Pour comprendre comment l’idée initiale d’un film sur la construction d’un aéroport en Chine durant la guerre, motivée par une seule raison : tourner en CinémaScope (format que Hawks détestera pour finir, tout comme Lang1), s’est transformée en projet de fresque pharaonesque vendu en quelques heures à Jack Warner au bord d’une piscine, il faudra lire le récit chaleureux et spirituel de Noël Howard. On y trouvera de précieux portraits au naturel de Sydney Chaplin et surtout de Robert Capa, avec lesquels Howard menait à Paris une joyeuse vie de patachon. On y vivra quelques soirées très arrosées en compagnie du sympathique Gene Kelly et de sa bande. On y apprendra pourquoi il est plus avantageux d’être cascadeur qu’acteur à Hollywood. On y verra s’agiter des directeurs de production aussi colériques qu’incompétents. On y suivra l’astucieux Alexandre Trauner au travail. On y assistera au tournage d’une superproduction dans le chaos et l’impréparation la plus complète, pendant que le scénario s’écrit au jour le jour. On y mesurera la difficulté de diriger dix mille figurants dont on ne parle pas la langue, et plus encore quelques taureaux rétifs à toute instruction.
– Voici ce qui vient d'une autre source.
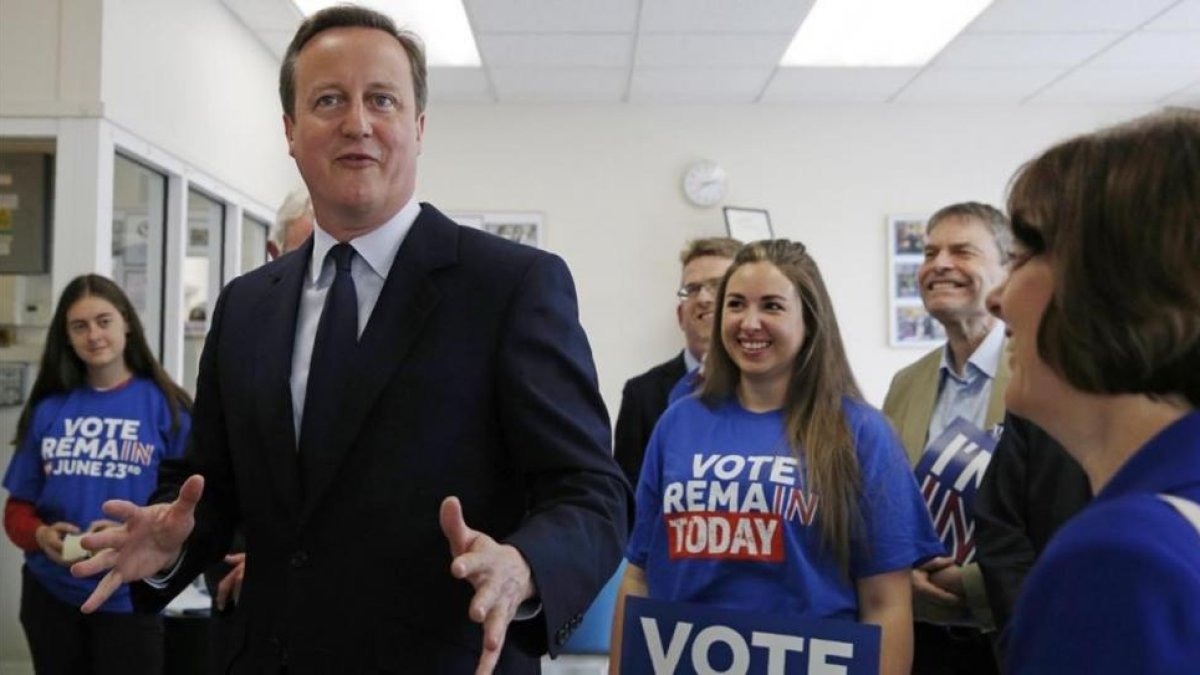 El primer ministro británico, David Cameron, en un acto de campaña en defensa del 'Remain'.-AP / ADRIAN DENNIS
On y croisera en coup de vent Hemingway, Jacques Prévert et l’extravagante Kay Kendall, qui eut le temps d’illuminer de son alliage unique de raffinement et de fibre clownesque les Girls de Cukor et le merveilleux The Reluctant Debutante de Minnelli (quand se décidera-t-on à rééditer ce petit bijou ?), avant d’être emportée par la leucémie à l’âge de trente-deux ans. On y verra surtout Howard Hawks, flegmatique et mythomane imperturbable, raconter des histoires à dormir debout dont il est toujours le héros, blinder ses nerfs au golf, user d’une élocution extraordinairement lente ponctuée de silences infinis comme d’une arme de négociation redoutable, retarder un voyage de quelques jours pour pouvoir voler en jet, perspective qui l’excite comme un gamin, et manquer pour une rare fois de perdre son sang-froid en apprenant de son conseiller historique qu’il n’y avait ni chevaux ni chameaux en Égypte au temps de la construction des pyramides : « Je vous propose un marché, j’abandonne les chevaux. Mais Noël, pour l’amour de Dieu, laissez-moi les chameaux ! »

 

1. Lang : « Le CinémaScope n’est bon qu’à filmer les enterrements et les serpents.»

Noël Howard, Hollywood-sur-Nil, Fayard, 1978, rééd. Ramsay Poche Cinéma, 1986, 2008.